ジャパンディスプレイの呆れた経営…なぜ潰れる寸前まで危機に気づかず中国企業傘下入り
危機感もマーケティング能力もない
もう一つ、大企業連合はなぜうまくいかないか。大企業幹部も従業員も、財務部門以外の人たちはのんきで、会社が潰れることをまったく想像できない危機感ゼロの人たちが多い。例えば、1999年にNECと日立製作所のDRAM部門が合併してできた、エルピーダメモリでは、合併直後から減収減益、ゼロ投資であったため、業績は毎年200億円の赤字を3年続け、年ごとにじり貧になっていった。2000年のITバブルがはじけた後でも海外のDRAMメーカーは着実に成長していた。
エルピーダはもはや潰れる寸前、という2003年に、社長に招聘された坂本幸雄氏は、1年目に150億円の黒字に転換させた。
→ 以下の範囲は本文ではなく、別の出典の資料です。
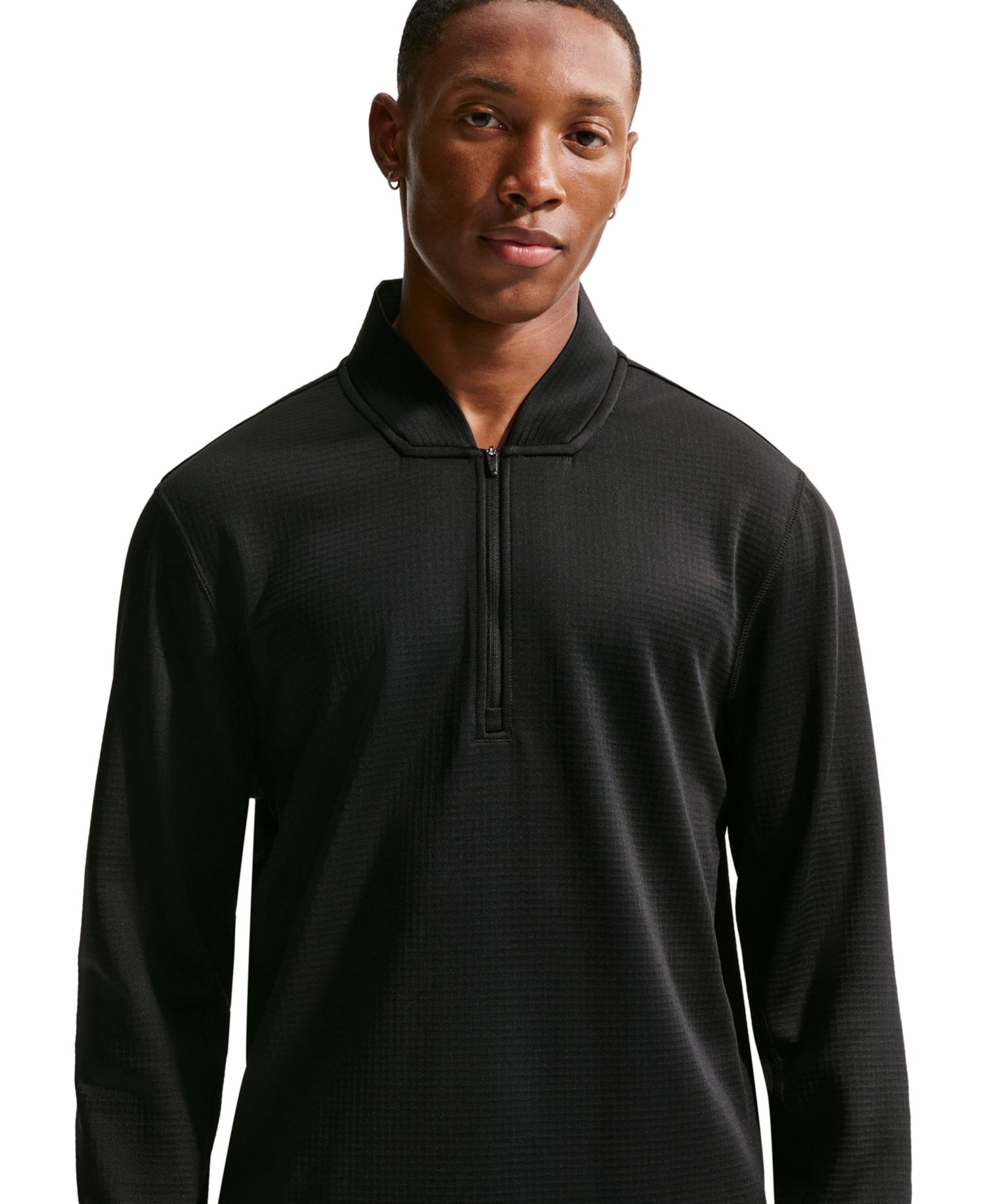 Men's Velocity Half-Zip Golf Sweatshirt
坂本氏が経営陣を見て最初に驚いたことは、赤字が続き会社が潰れる寸前だというのに、役員はゴルフの話ばかりしており、出張するときはファーストクラス、会社をどうするというアイデアをまったく出してこなかったことだ。
結局、坂本氏は多くの役員に元の会社へ帰ってもらったが、そのうちの一人は、「坂本氏は血も涙もない奴だ」と述べていた。会社が潰れる寸前にゴルフの話しかしない役員のほうがよほど罪つくりである。会社が潰れると多くの従業員が路頭に迷うことになるからだ。
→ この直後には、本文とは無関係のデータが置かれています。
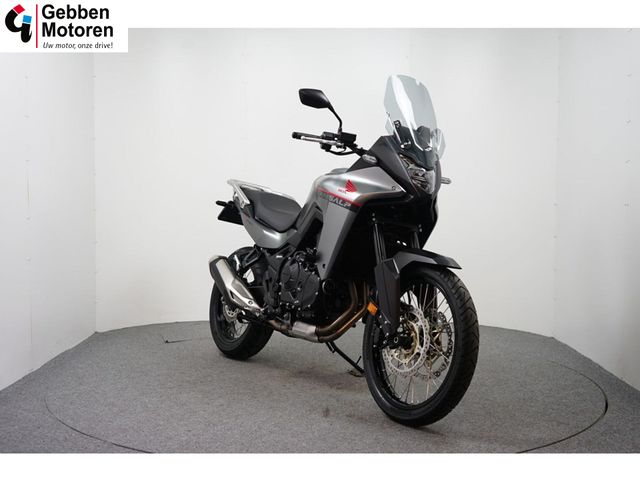 honda - xl-750-transalp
一般に大企業は、中小企業よりも待遇が良い。出張する場合でも出張手当、宿泊手当などが支給され、グリーン車やファーストクラス、ビジネスクラスが使えかなり恵まれていた。これに対して、中小企業や外資系企業は出張手当なしで、すべて実費精算、飛行機はエコノミークラス、というところが多い。米大手通信ネットワーク機器メーカーのシスコシステムズ社のCEOであったジョン・チェンバース氏は、日米を安売りのエコノミーチケットで往復していた。この話を聞いた東芝OBのある方は、こんなケチな会社には誰も行かない、と筆者に述べた。
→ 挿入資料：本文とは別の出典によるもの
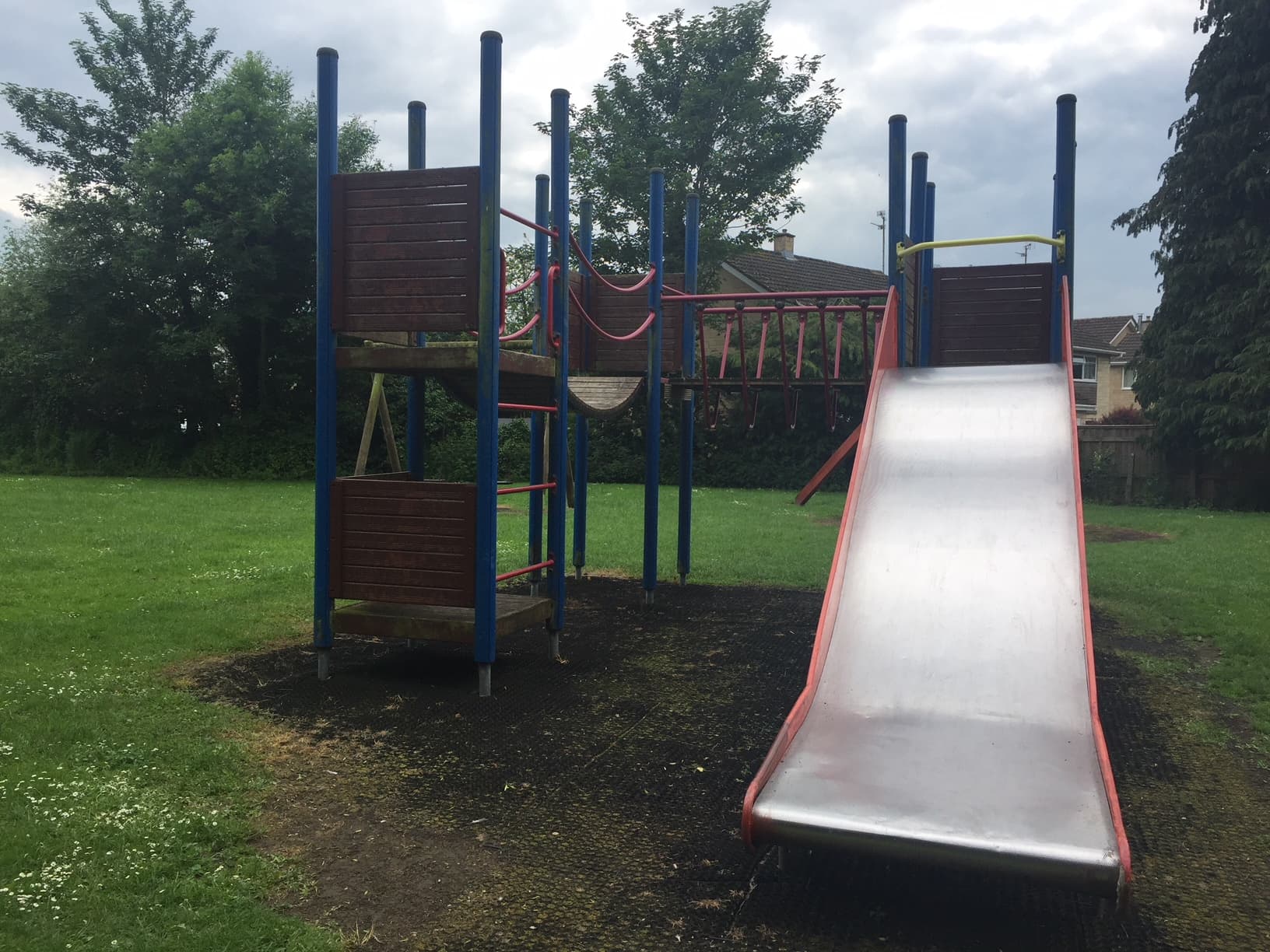 slide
また、大手メーカーはマーケティング能力も乏しかった。JDIはiPhoneの液晶に使われたため、一時大いに潤っていたが、これもたまたまJDIが受注しただけにすぎない。JDIが液晶パネルをアップルに供給する前は、アップルはサムスンから調達していた。しかし、両者がスマートフォン開発を競い、しかも知的財産権をめぐり法的な争いになったときに、アップルはサムスン以外の液晶メーカーから液晶を調達する方針に変えた。そこにJDIがいた。自ら積極的な売り込みをアップルにしたわけではない。JDIがアップル以外のスマホメーカーとの取引をほとんど獲得できなかったことが、それを物語っている。